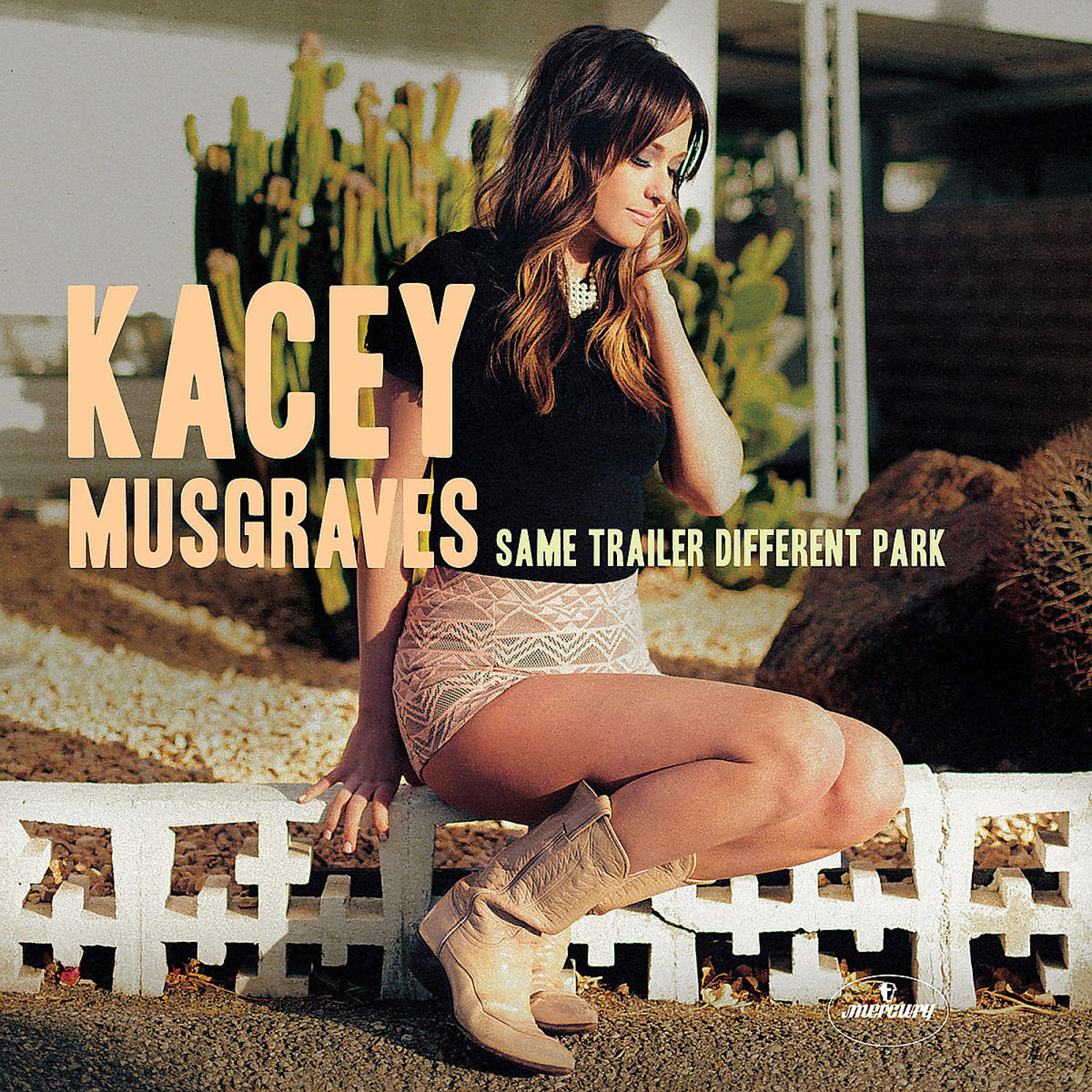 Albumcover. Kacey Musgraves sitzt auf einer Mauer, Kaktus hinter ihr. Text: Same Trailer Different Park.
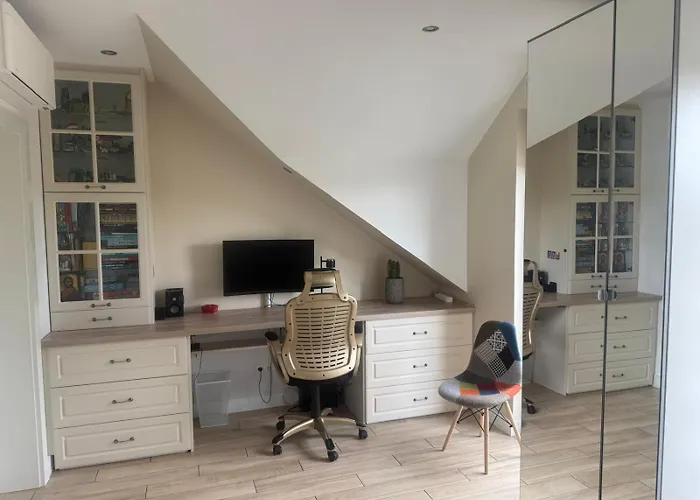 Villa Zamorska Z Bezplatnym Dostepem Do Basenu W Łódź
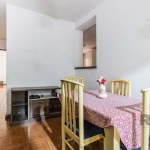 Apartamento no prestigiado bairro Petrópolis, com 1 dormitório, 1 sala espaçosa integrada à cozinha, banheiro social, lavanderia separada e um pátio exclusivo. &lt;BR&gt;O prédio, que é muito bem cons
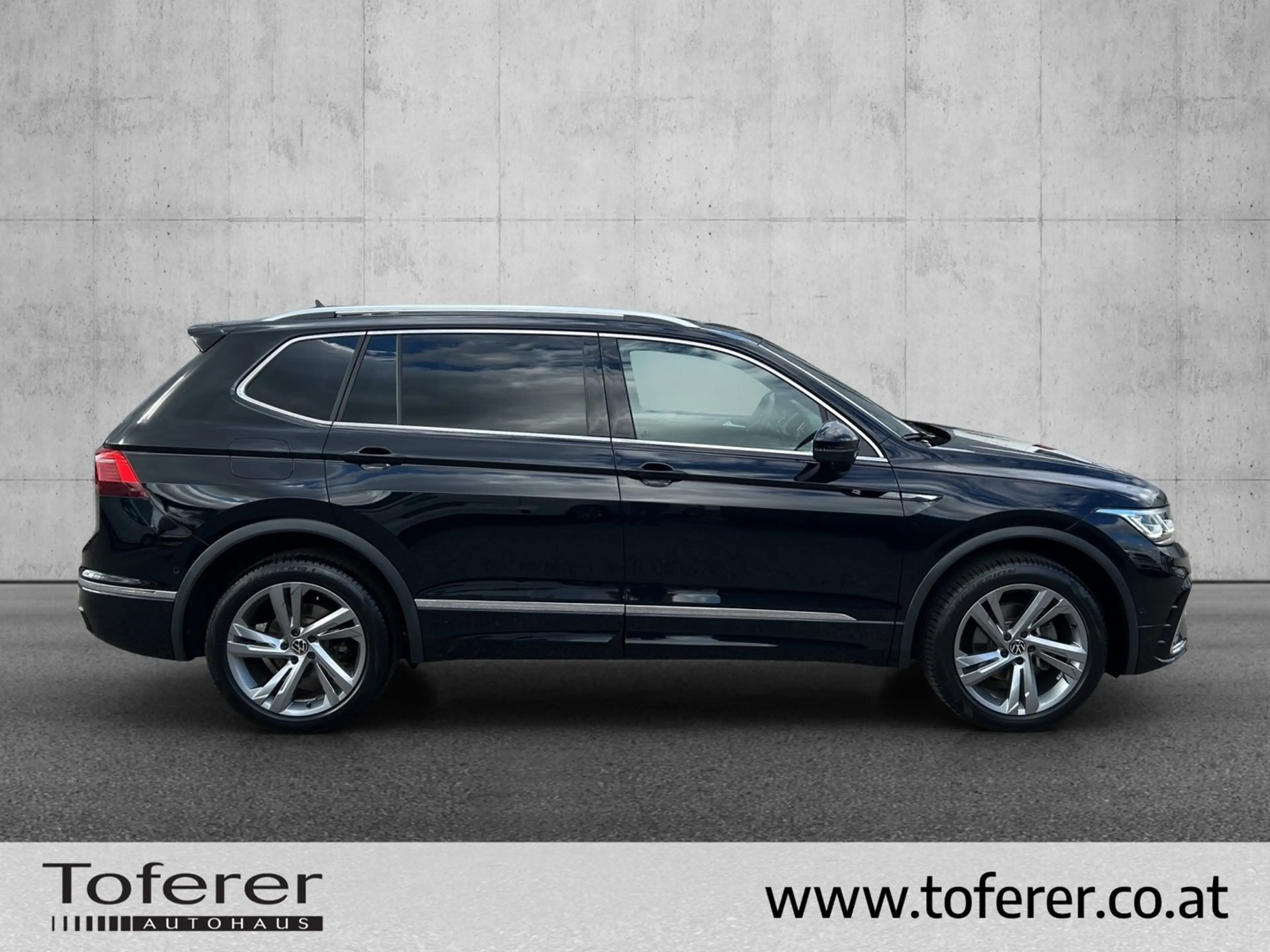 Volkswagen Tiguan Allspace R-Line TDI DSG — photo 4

==========

What you will do: With images omitted, retype the data word for word.

Task result:
 Albumcover. Kacey Musgraves sitzt auf einer Mauer, Kaktus hinter ihr. Text: Same Trailer Different Park.
 Villa Zamorska Z Bezplatnym Dostepem Do Basenu W Łódź
 Apartamento no prestigiado bairro Petrópolis, com 1 dormitório, 1 sala espaçosa integrada à cozinha, banheiro social, lavanderia separada e um pátio exclusivo. &lt;BR&gt;O prédio, que é muito bem cons
 Volkswagen Tiguan Allspace R-Line TDI DSG — photo 4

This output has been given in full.